Pro-life priest receives award, calls abortion ‘institutionalized murder’
FRAMINGHAM -- Abortion is a demonic force that only God can and will defeat if we get on our knees and marshal the spiritual force of our Catholic inheritance, said Father Thomas Euteneuer, president of Human Life International.
“Every time you go to Mass, make it a priority to ask for the conversion of the clergy. The key that binds and loosens is given to the Church,” he said Sept. 14 in accepting the Framingham Knights of Columbus pro-life priest-of-the-year award.
“We’re fighting against the devil himself. We have institutionalized murder,” said Father Euteneuer, 45, to a crowd of several hundred at St. Tarcisius Parish Hall.
An ex-Marine with 12 years experience in diocesan work, he now heads the world’s largest pro-life missionary group. HLI, based in Fort Royal, Va., was begun in 1981 by Father Paul Marx and reaches affiliates in 80 countries.
Father Euteneuer has visited 51 of them. “All cultures, across the board, have an innate respect for life, marriage and family as a natural endowment of culture,” he said in an interview.
But that basic intuitive respect can be deadened by “a relentless campaign of misinformation and distortion about abortion as a ‘woman’s right.’”
“Abortion is an abomination,” he said. “We need to be faithful to God’s truth. We don’t need to hit people over the head with the message because truth has its own beauty and authority.
“But be prepared for the onslaught. Be prayerful and let the chips fall where they may. When we walk into battle with Our Lady, the Mother of Life, we’ll always be protected.”

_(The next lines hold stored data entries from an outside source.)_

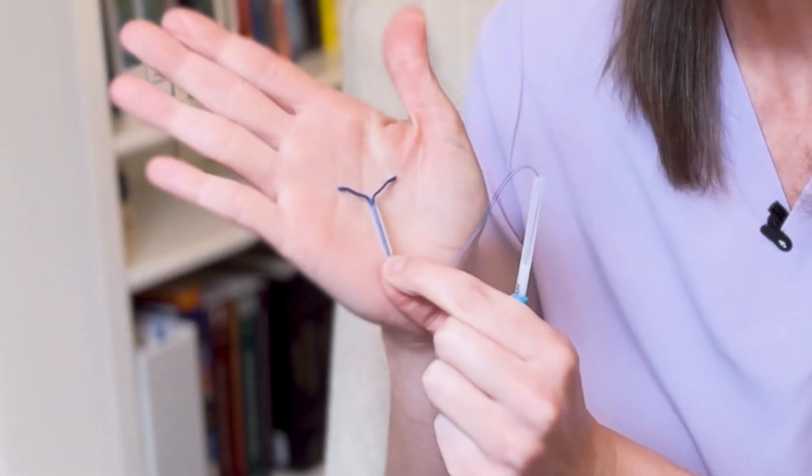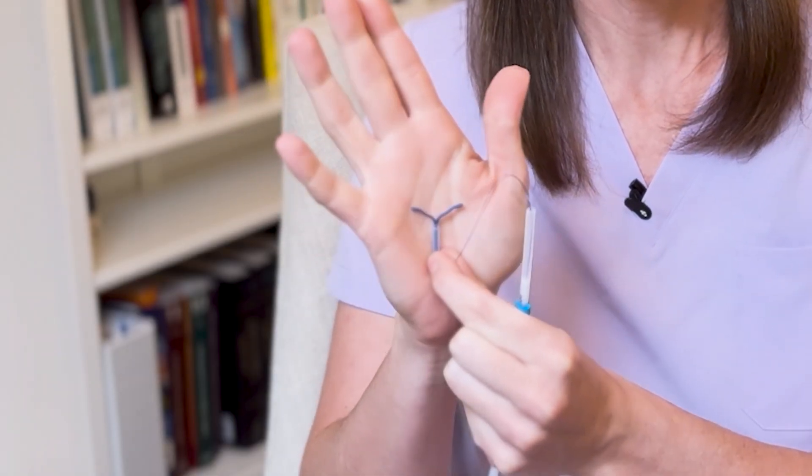The Mirena has 52 milligrams of levonorgestrel, and it secretes that hormone at 20 micrograms a day. This is the approximate size of the Mirena IUD as you can see it up against my hand. This is the body where the hormone is kept, and these are the arms. There's no hormone in the arms of this IUD.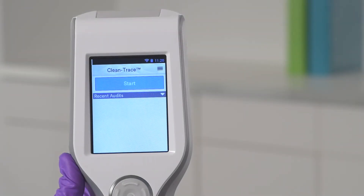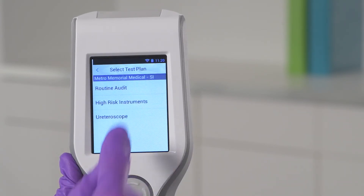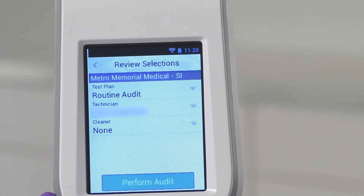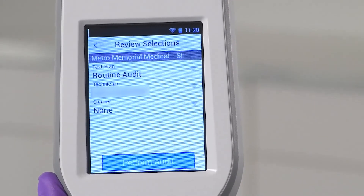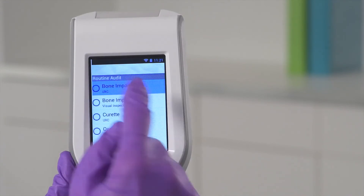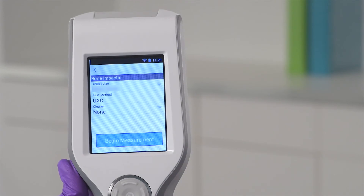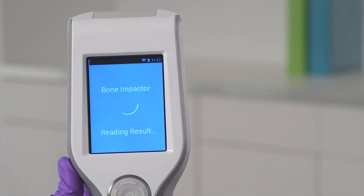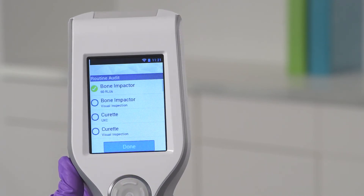If you are using the Clean Trace system to monitor surgical instruments, you will tap Start, then select the test plan. From the Review Selection screen, you can change the test plan, select the technician, or select the value for any user-defined fields that have been set up. When you are satisfied with your selections, tap Perform Audit. Select your instrument, then insert the ATP test into the test chamber and tap Begin Measurement. In 10 seconds or less, you'll see the result — a quantitative RLU value and a pass-fail response for the instrument you were testing. After your result is displayed, tap Return. Repeat this process until all instruments have been tested. Tap Done when complete.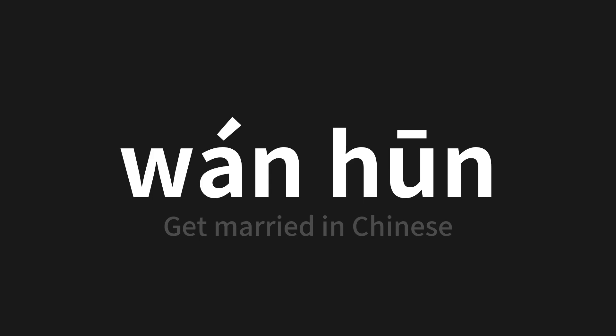On this adventure in pronunciation, remember: language is a journey, not a destination. Keep exploring, experimenting, and expanding your linguistic horizons. We'll see you next time.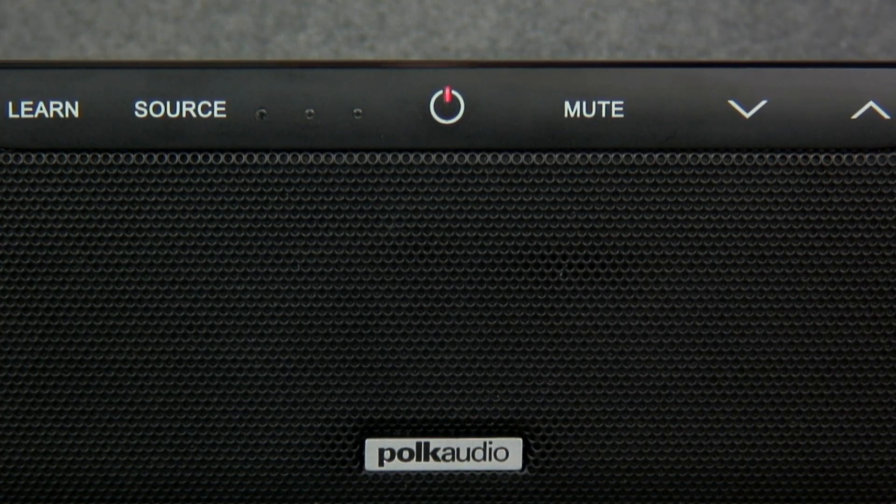I would like to note that if your Surround Bar is not currently powered on, please make sure to power it on before continuing. Now let's begin.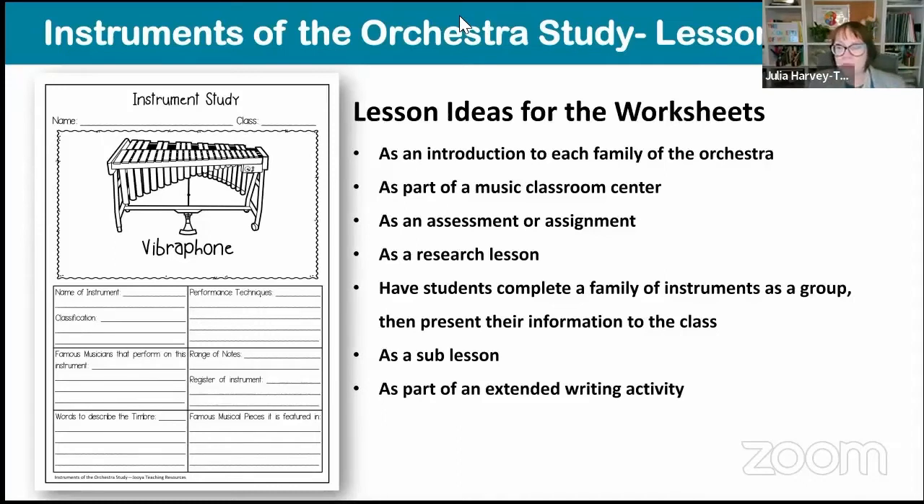Also have them complete a family of instruments as a group. Four groups in the classroom: one group does brass, one strings, one woodwind, one percussion. They research their family and decide how to present that information to the class — a fantastic way to build group work, research skills and presenting skills. These are really good as a sub lesson too, if you've got laptops, Chromebooks or iPads and it's okay for a substitute teacher to run the lesson. Or use it as an extended writing activity, which I'm going to show you now.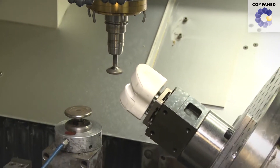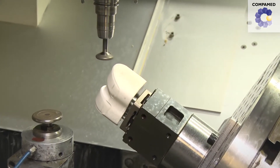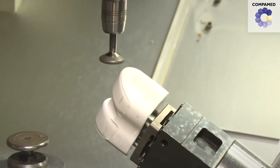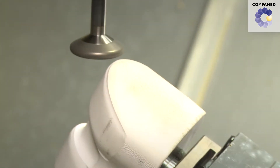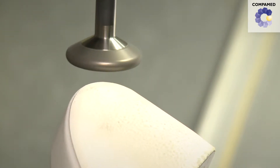We use a simultaneous multi-axle polishing process, utilizing toric mounted points that can be tilted in different directions, making the process very flexible. Thanks to this grinding process, we are able to achieve surface roughness of 0.1 micrometers.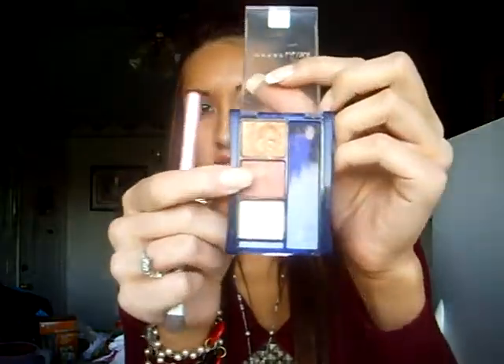Next, go over the upper edge of the dark brown in your crease using a bronzy, coppery color. I'm not going over the entire crease area, just the very top part of the dark brown.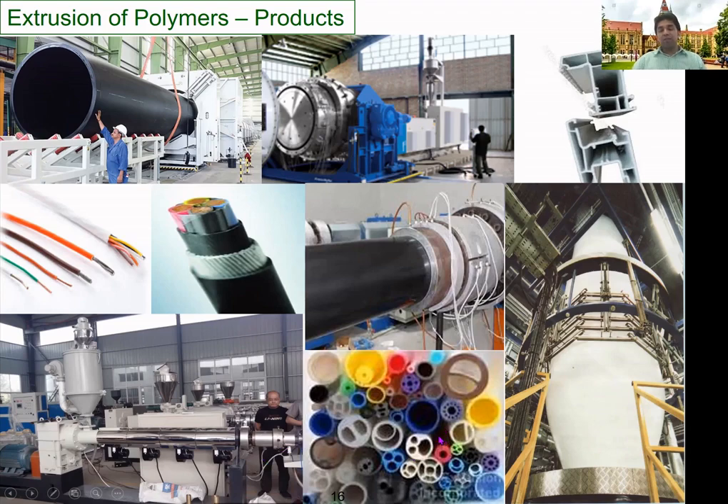There are also some other interesting cross sections and complex geometries that can be extruded — including metal extrusion, which has a different arrangement compared to polymers. This is blown film extrusion, used to manufacture thin films for packaging applications. It uses a special type of die along with a compressed air line to pressurize the bubble and control the desired film properties. This is a good indication of how important extrusion processes and polymeric materials are today — polymers being named the material of the 21st century.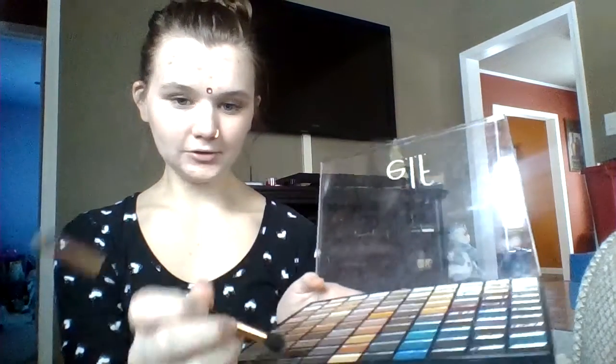One thing I did notice is that her eyeshadow was very matte. It was a different color of the browns — very natural. This is the e.l.f. Master Palette; you can buy it at Target for $10. It's very cheap and you get all these colors. So I'm going to take the fluffy end of my brush and dip into this kind of dark, smoky brown, and I'm going to put that in my crease.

HLI’s efforts are most successful in Third World countries, Father Euteneuer said. For example, the small Central American country of Nicaragua recently outlawed all abortions, defying enormous pressure from international culture-of-death forces.
“But this wasn’t just a political victory,” he said. “It was a spiritual tour-de-force. Convents of nuns were praying; the Church led the way and people stood up. Nicaragua pulled this out of its national soul.”
How does the soul of Massachusetts compare in this spiritual battle?
“A serious conversion of heart” is needed, Father Euteneuer said. “Massachusetts is not much different from the rest of the opulent western world except that the decadent forces promoting the degeneration of culture seem to be more aggressive in their promotion of the anti-life, anti-family agenda.
“Priests need encouragement. Especially here, priests need encouragement,” he said. “If the clergy are strong, people will come out behind them. Remember the Battle of Jericho? Priests led the charge. Our priests should sound the battle cry to those working in abortion clinics that their salvation is at stake,” he said.
During his three-day visit, Father Euteneuer joined people from various parishes, from Operation Rescue Boston and from Massachusetts Citizens for Life in praying outside three abortion sites: Boston’s Planned Parenthood, Women’s Health Services in Brookline and Framingham Union Hospital.
Although more than half the 23,300 abortions reported in 2005 were done in clinics, a number of hospitals also perform them. Catholics should at the least tell hospital officials they oppose this, said Father Euteneuer.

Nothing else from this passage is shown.